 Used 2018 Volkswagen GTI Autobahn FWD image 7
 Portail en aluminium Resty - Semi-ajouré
- - -
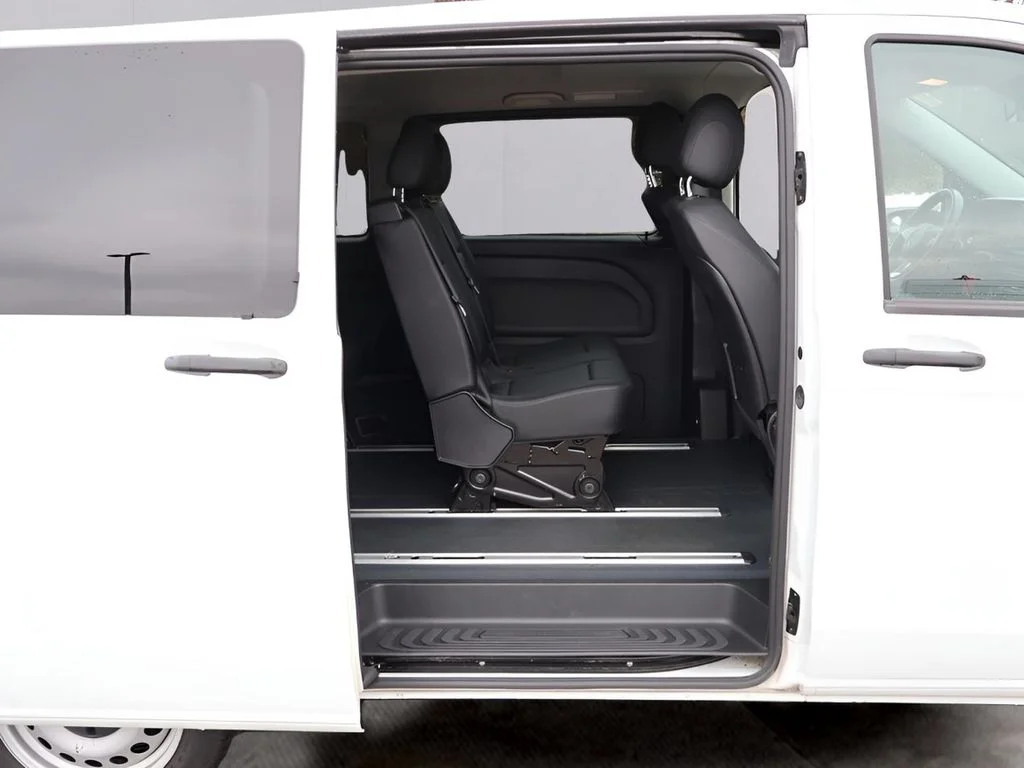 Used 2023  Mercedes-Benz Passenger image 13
- - -
## PROBLEM DESCRIPTION:
What you give back should be exactly the lines of the data above from the line with "Used 2018 Volkswagen" through the line with "Portail en aluminium Resty - Semi-ajouré", both of those included, and nothing more.

## SOLUTION FOR THIS PROBLEM:
 Used 2018 Volkswagen GTI Autobahn FWD image 7
 Portail en aluminium Resty - Semi-ajouré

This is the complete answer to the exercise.